Realism predicts that states will bandwagon only when there is no possibility of building a balancing coalition or their geography makes balancing difficult (i.e. surrounded by enemies). Bandwagoning is considered to be dangerous because it allows a rival state to gain power.

Bandwagoning is opposed to balancing, which calls for a state to prevent an aggressor from upsetting the balance of power.

== Etymology ==
Bandwagoning was coined by Quincy Wright in A Study of War (1942) and popularized by Kenneth Waltz in Theory of International Politics (1979); in his work, Waltz incorrectly attributes Stephen Van Evera with having coined the term.

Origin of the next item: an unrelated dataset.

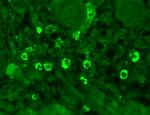 GABRA1 Antibody in Immunohistochemistry (Paraffin) (IHC (P))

Both Wright and Waltz employ the concept to serve as the opposite of balancing behaviour.

==Foreign policy commitments==
The belief that states will ally with a dominant power, as opposed to balance against it, has been a common feature among foreign policy practitioners. German Admiral Alfred von Tirpitz's "risk theory", for example, posited that if Germany built a formidable naval fleet, it could force the United Kingdom into neutrality or alliance with it by threatening to the latter's maritime supremacy.

According to Stephen Walt, "American officials have repeatedly embraced the bandwagoning hypothesis in justifying American foreign policy commitments." John F. Kennedy, for example, stated that "if the United States were to falter, the whole world... would inevitably begin to move toward the Communist bloc". Henry Kissinger suggested that states tend to bandwagon "if leaders around the world... assume that the U.S. lacked either the forces or the will... they will accommodate themselves to the dominant trend".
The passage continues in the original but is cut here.